Suppose we have been asked to create a prediction model to predict whether someone has a rare medical condition. We use diagnostic imaging as features to predict whether not the virus is present.

X, y = make_classification(
    # the usual parameters
    n_samples=500,
    n_features=5,
    n_informative=3,
    n_classes=2,
    random_state=42,
    # Set label 0 for  98% and 1 for rest 3% of observations
    weights=[0.99],
)
classification_data = pd.DataFrame(X)
classification_data["patient_admitted"] = y
# Train logistic regression model
logistic_regression = LogisticRegression()
logistic_regression.fit(X, y)
logistic_regression.score(X, y)

Wow! this looks like this is a pretty good model! … or does it…

confusion_matrix = metrics.confusion_matrix(y, logistic_regression.predict(X))
confusion_matrix
fig = px.imshow(
    confusion_matrix,
    text_auto=True,
    labels=dict(x="Predicted outcome", y="Actual outcome"),
    x=["0", "1"],
    y=["0", "1"],
)

fig.update_layout(
    xaxis_title="Predicted outcome",
    yaxis_title="Actual outcome",
    title="Confusion matrix of predictions",
)

fig.show()

What is the problem with using this accuracy metric for this data?

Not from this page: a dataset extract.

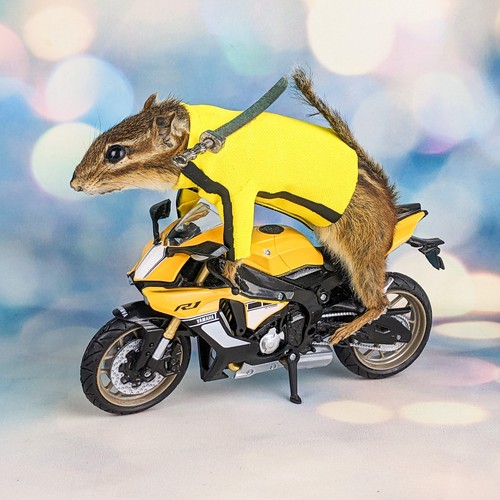Kill bill motorcycle chipmunk - motorcycle,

To make a good model, we need to adress the imbalance in the data (typically through resampling).

Task 2 (10-15 mins)

  1. Using the logistic model built in task 1, derive and plot, the confusion matrix for the test data. Make use of metrics.confusion_matrix for this.

# Answer here
  1. How many negative predictions were incorrect (false negatives)? How many missed positives do you think are acceptable?

# Answer here

Using machine learning models in practice#

  • It’s important to ensure the training data is free from bias (it’s representative of the population you are studying).

  • The code should be fully transparent (includes documentation and is freely available).

  • Models arent perfect, and therefore should be used in conjunction with expert opinion (human & AI collaboration).

  • Some simple models have been introduced, but more advanceded models are capable of improved prediction (ensemble techniques) which can be discussed during full training days.